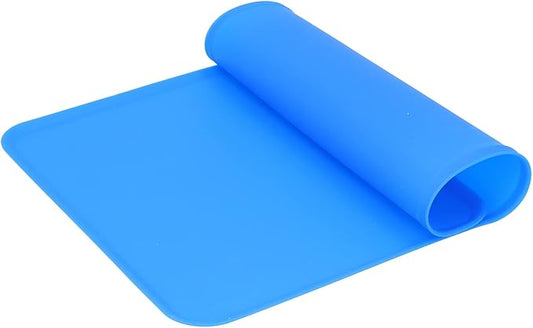 Silicone Non Slip Pet Feeding Bowl Mat for Dogs, Leakproof Dog Placemat for Food and Water, 11.8x18.9in Pet Supplies (Blue)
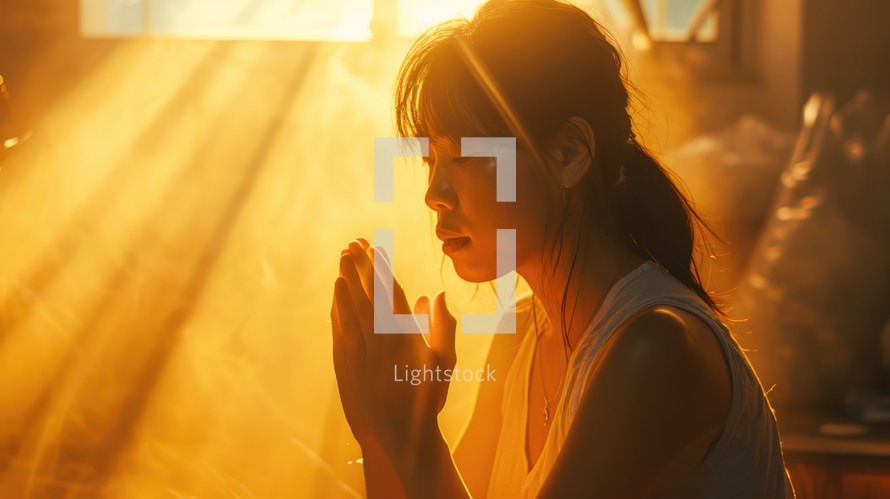 Sunlit prayer. Asian woman praying in the church in the sunbeams shining through the window.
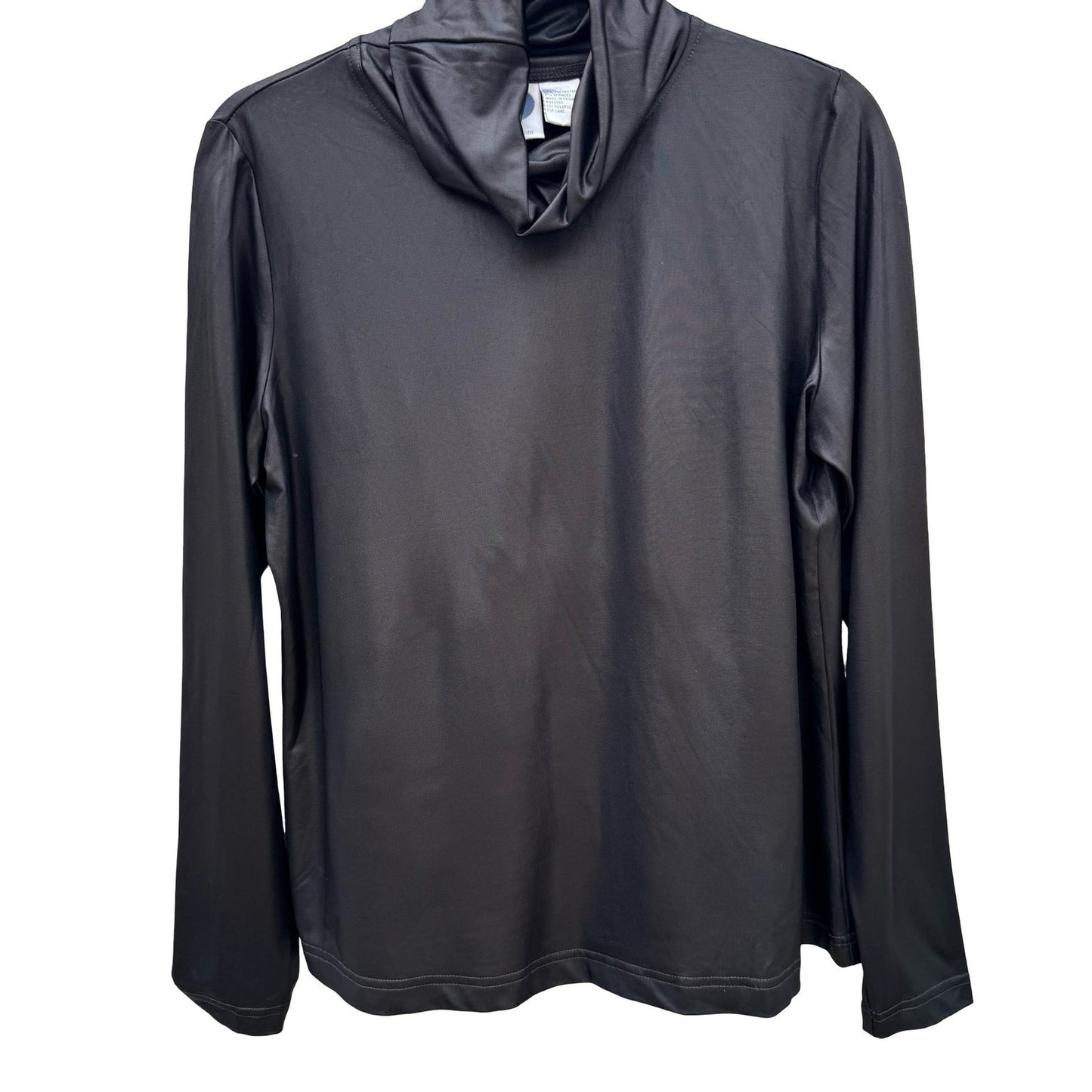 Diane Gilman DG2 Womens Metallic Black Cowl Neck Long Sleeve Stretch Top M NEW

────────────────────────────────────────

**What you have to do**
Line for line, restate the data above and omit every picture.

**Reply**
 Silicone Non Slip Pet Feeding Bowl Mat for Dogs, Leakproof Dog Placemat for Food and Water, 11.8x18.9in Pet Supplies (Blue)
 Sunlit prayer. Asian woman praying in the church in the sunbeams shining through the window.
 Diane Gilman DG2 Womens Metallic Black Cowl Neck Long Sleeve Stretch Top M NEW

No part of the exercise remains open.